–  Feld Haus – Museum of Popular Imagery

Edelweiss and gold lamé

Embroidered house blessings on luxury paper

House blessings requesting God's protection were a popular and widespread wall decoration in middle-class households in the 19th and 20th centuries.

In the 1880s, a new way of producing house blessings emerged, which dominated the market for about 40 years: embroidery on perforated cardboard. The background was a sheet of so-called paper canvas, a paper with fine holes that could be embroidered. The stitched motto is complemented by dried fern fronds, edelweiss and silk flowers, as well as pictures, wafers, photographs or even portraits or figures embossed from celluloid. In this way, remarkable objects are created that combine an extraordinary technique with realities.

The inexpensive to produce paper canvas imitates the loosely woven canvas or stramin made of hemp. The celluloid embossments applied to the picture support can be understood as imitations of luxury items such as ivory, horn substance or mother-of-pearl.

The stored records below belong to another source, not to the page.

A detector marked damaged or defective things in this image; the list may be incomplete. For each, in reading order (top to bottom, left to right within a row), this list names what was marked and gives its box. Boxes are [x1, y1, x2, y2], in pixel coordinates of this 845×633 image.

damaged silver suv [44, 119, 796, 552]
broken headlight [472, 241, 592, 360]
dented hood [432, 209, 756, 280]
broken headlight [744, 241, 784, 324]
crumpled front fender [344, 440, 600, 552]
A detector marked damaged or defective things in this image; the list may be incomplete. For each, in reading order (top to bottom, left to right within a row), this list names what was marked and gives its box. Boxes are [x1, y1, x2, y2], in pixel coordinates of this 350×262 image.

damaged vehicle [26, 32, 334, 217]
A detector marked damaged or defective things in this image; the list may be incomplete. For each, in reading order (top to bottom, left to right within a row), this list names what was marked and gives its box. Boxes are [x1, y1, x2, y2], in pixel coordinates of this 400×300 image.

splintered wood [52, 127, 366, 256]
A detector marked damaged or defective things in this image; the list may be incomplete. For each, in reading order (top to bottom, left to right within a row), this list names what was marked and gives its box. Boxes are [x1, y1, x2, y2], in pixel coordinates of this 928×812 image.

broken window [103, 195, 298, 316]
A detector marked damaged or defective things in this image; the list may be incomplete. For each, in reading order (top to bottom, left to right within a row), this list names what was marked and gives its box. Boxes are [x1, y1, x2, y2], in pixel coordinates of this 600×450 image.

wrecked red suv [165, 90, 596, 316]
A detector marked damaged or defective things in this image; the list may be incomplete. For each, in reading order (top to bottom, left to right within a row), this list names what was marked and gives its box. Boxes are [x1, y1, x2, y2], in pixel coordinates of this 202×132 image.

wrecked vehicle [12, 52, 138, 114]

Embroidered pictures, which previously only the better-off classes could afford because of their high price, were now affordable for large sections of the population.

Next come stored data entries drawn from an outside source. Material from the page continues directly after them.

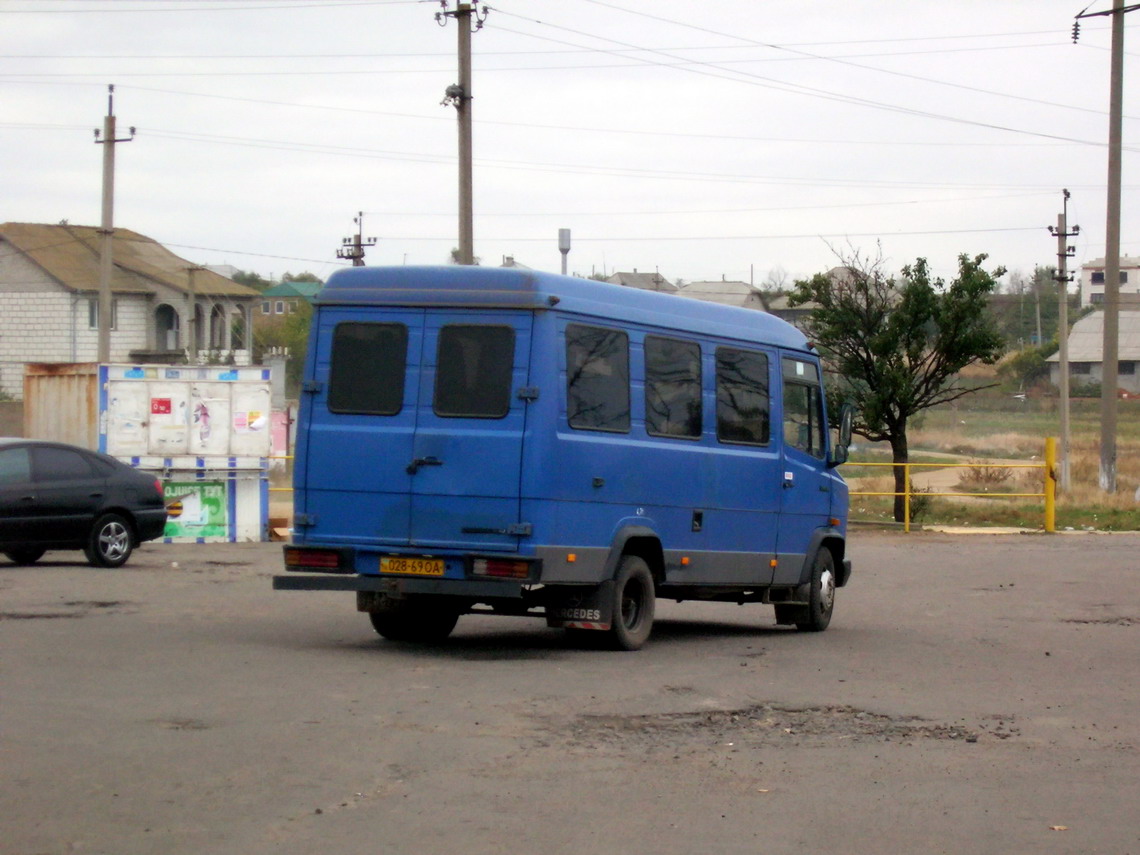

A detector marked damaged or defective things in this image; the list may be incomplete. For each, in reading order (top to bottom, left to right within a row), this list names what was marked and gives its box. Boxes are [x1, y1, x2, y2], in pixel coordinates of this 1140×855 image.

cracked asphalt [2, 532, 1136, 852] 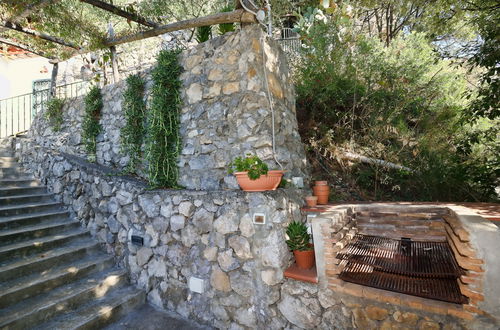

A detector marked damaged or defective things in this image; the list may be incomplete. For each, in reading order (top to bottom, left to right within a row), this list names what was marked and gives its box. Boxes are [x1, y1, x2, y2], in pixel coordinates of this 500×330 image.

rusty grill rack [336, 235, 464, 278]
rusty grill rack [336, 235, 468, 304] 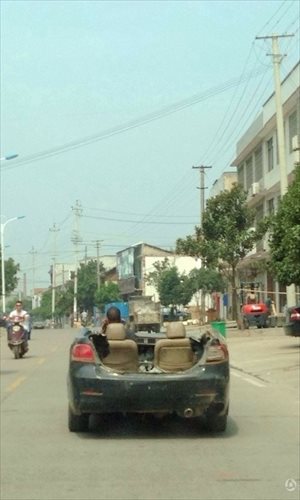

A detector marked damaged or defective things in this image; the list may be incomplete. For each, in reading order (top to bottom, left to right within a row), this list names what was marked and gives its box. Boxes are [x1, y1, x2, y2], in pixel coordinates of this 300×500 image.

exposed car seat [102, 324, 139, 372]
exposed car seat [154, 322, 196, 370]
damaged car body [67, 322, 230, 432] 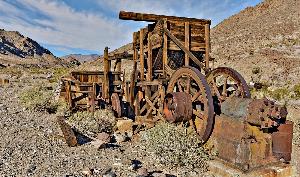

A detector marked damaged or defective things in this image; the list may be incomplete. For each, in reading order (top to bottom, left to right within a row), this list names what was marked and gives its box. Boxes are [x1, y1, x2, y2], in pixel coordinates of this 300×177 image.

rusted mining equipment [58, 10, 292, 173]
corroded metal gear [165, 66, 214, 142]
rusted mining equipment [210, 97, 292, 171]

The house blessings could not be missing in any household. They unmistakably exhorted the inhabitants to virtuous behavior, which included in particular qualities and characteristics such as piety, reverence, diligence, loyalty and charity. The sources of the instructive sayings were the Bible, psalm verses, folk wisdom, proverbs or quotes from famous personalities. The pictorial representations showed popular motifs such as pilgrimage Madonnas, depictions of the Sacred Heart of Jesus and the Sacred Heart of Mary, or profane scenes illustrating father and mother happiness.